Ali al-Nuaimi added that commodity price fluctuations are to be expected, and he expressed optimism for the future despite crude's price drop of about 50 per cent since June.
"It is difficult, or even impossible, for Saudi Arabia or Opec to undertake any measure that would lead to a reduction in (their) share of the market and an increase in that of others" who do not belong to the cartel, he was quoted as saying by the official Saudi Press Agency.
"Price fluctuations in commodities, including oil, are normal," the minister added.
He said he is "optimistic for the future because the situation that we and the world currently face is temporary." Crude prices traded above US$100 a barrel earlier this year.
They have fallen to multi-year lows since June in the face of a global supply glut, a strong dollar and slower growth in demand.
Prices plunged even further after the Organisation of the Petroleum Exporting Countries decided last month against cutting production.
The cartel pumps about 30 per cent of global crude.
Prices were little changed in Asian trade on Thursday prior to Nuaimi's comments.
US benchmark West Texas Intermediate crude for January delivery fell 27 cents to US$56.20.
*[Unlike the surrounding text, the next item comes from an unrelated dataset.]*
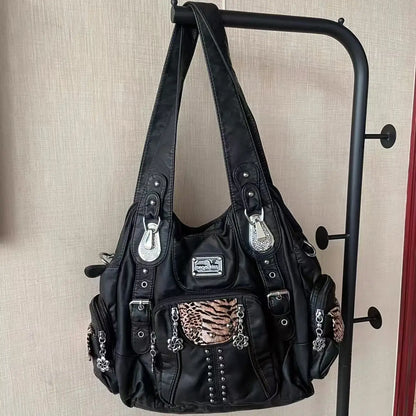 Damen-Schultertasche Leopardenmuster Großes Fassungsvermögen aus PU-Leder mit Reißverschluss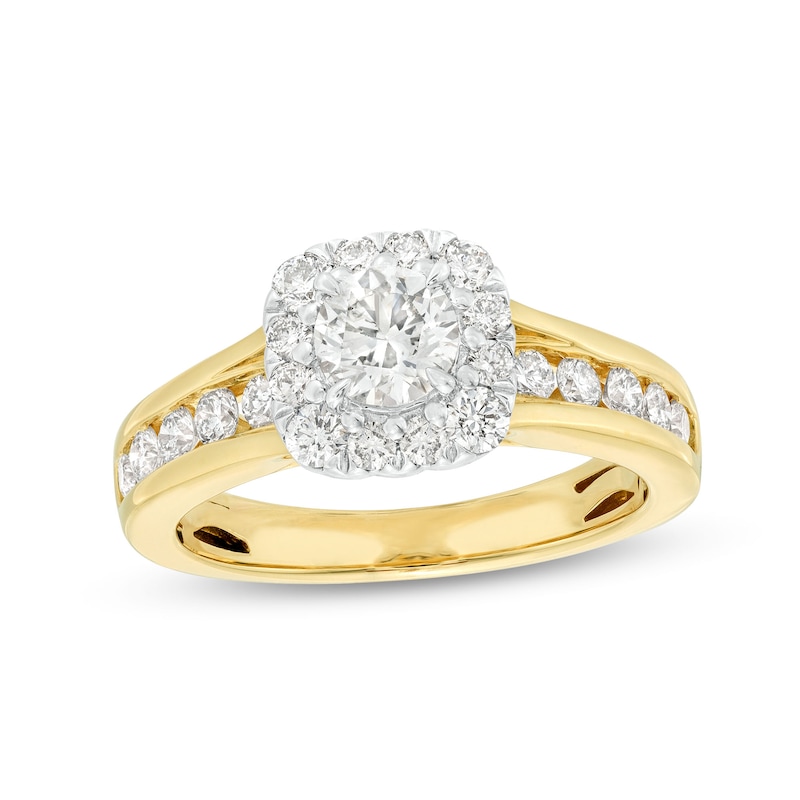 Diamond Engagement Ring 1-3/8 ct tw Round-cut Yellow Gold Plated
Brent crude for February gained two cents to US$61.20 in afternoon deals.
The oil market has become increasingly competitive with the surge in production from American shale oil fields.
Analysts have said that Saudi Arabia is content to see shale oil producers - and even some members of the cartel - suffer from low prices rather than reduce output to boost prices.
Opec last month reaffirmed its production ceiling of 30 million barrels per day, of which Saudi Arabia is pumping around 9.6 million bpd.
Analysts say Saudi Arabia is strong enough to withstand lower prices.
On Wednesday the kingdom said it will continue massive public spending in its 2015 budget which financial analysts say could be approved as early as Monday.
But the drop in oil prices sparked turmoil this week on global stock markets where investors were concerned about the effect on oil firms as well as the crude-dependent economy of Russia.
The Russian central bank raised its key interest rate to 17.0 per cent from 10.5 per cent in a bid to prop up the ruble.
Russia, a key oil producer which does not belong to Opec, is also straining under Western sanctions over Ukraine.